La prima pagina del Jerusalem Post sottolinea come la nazionale marocchina, con il suo cammino sorprendente, sia riuscita a coinvolgere popolazioni molto distanti tra loro da un punto di vista politico e culturale. La squadra di Amrabat, di Hakimi e di Sabiri, presenti anche loro sulla copertina del quotidiano, è la prima nazionale africana e la prima rappresentante del mondo arabo ad arrivare così lontano nella Coppa del Mondo. Il successo del Marocco contro le più attrezzate selezioni europee, con il suo forte significato identitario, è riuscito a rendere partecipe il popolo arabo e in parte anche quello ebreo. Lo dimostrano le immagini dei festeggiamenti avvenuti dopo le vittorie, sia nei Territori Palestinesi e che da parte di settori della popolazione israeliana. Bandiere, cori e manifestazioni di gioia si sono registrati a Ramallah, Nablus, Gaza, ma anche a Gerusalemme est e nelle località arabe di Israele come Umm el Fahem, Baqa al-Gharbiyye e Bu’eine Nujeidat. L’entusiasmo ha coinvolto anche gli ebrei di origine marocchina che vivono in quei territori. Questo nonostante la squadra di Rabat abbia manifestato chiaramente la sua vocazione politica, sventolando la bandiera palestinese in campo, durante i festeggiamenti per la vittoria contro la Spagna. Una sfida ai rigidi protocolli Fifa.

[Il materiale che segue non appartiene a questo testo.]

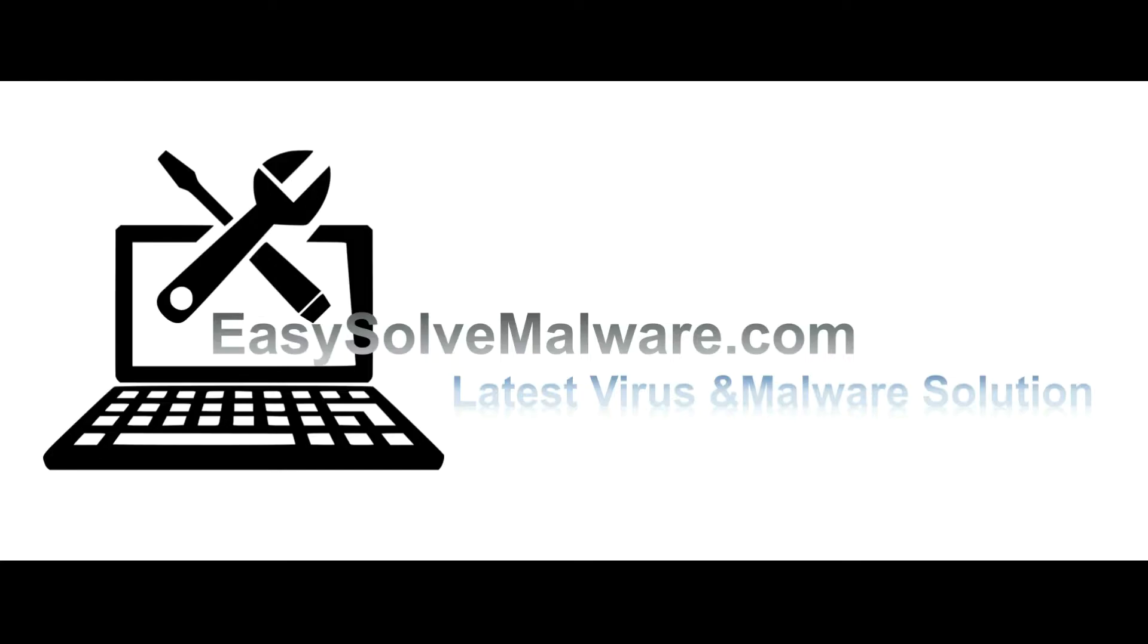That's all. Thank you for watching the video from easy-solve-malware.com. We hope it solve your problem.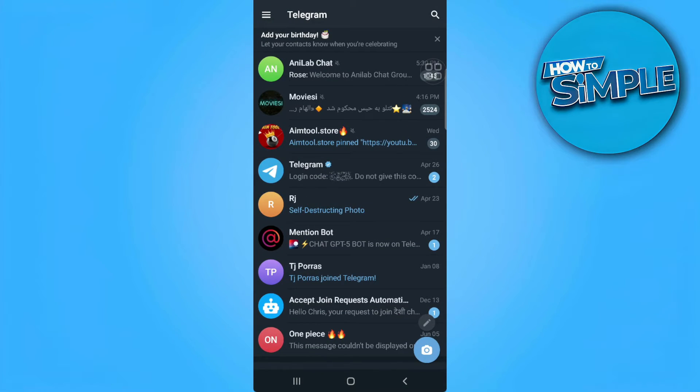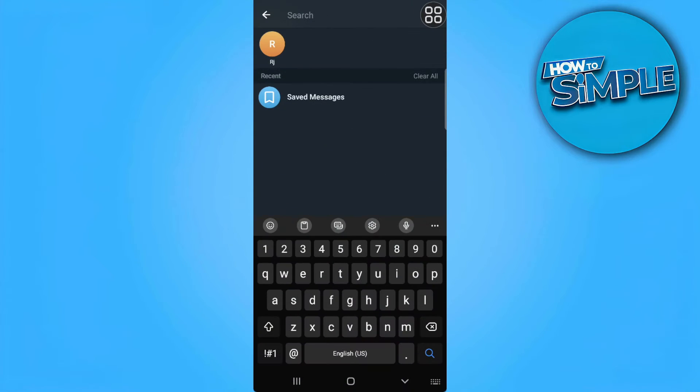The first thing you want to do is open your Telegram application. Now from here you just want to tap on the search icon in the upper right corner of the screen and search for saved messages.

Le vittorie del Marocco sono diventate la festa delle comunità in cerca di riscatto, soprattutto di quella della Palestina. Lo Stato del Vicino oriente non è riconosciuto ufficialmente dalla comunità internazionale e, di conseguenza, non gioca i Mondiali di calcio. Così il cammino del Marocco ai Mondiali ha assunto un significato sociale. Vedere i giocatori marocchini sventolare la loro bandiera ha emozionato il popolo palestinese, che sente di aver subito un vero e proprio apartheid. Condizione che ha tra le varie conseguenze la delegittimazione della loro identità. Le imprese del Marocco sono diventate un simbolo per chi ha subito nella storia l’influenza e il potere straniero. La semifinale contro la Francia, Stato colonizzatore della Nazione nordafricana fino all’indipendenza del 1956, è un ulteriore passo in questa direzione. Ma uno step in avanti lo ha compiuto anche il Jerusalem Post con la sua copertina: un gesto distensivo che può assumere un significato in grado di andare oltre la favola calcistica.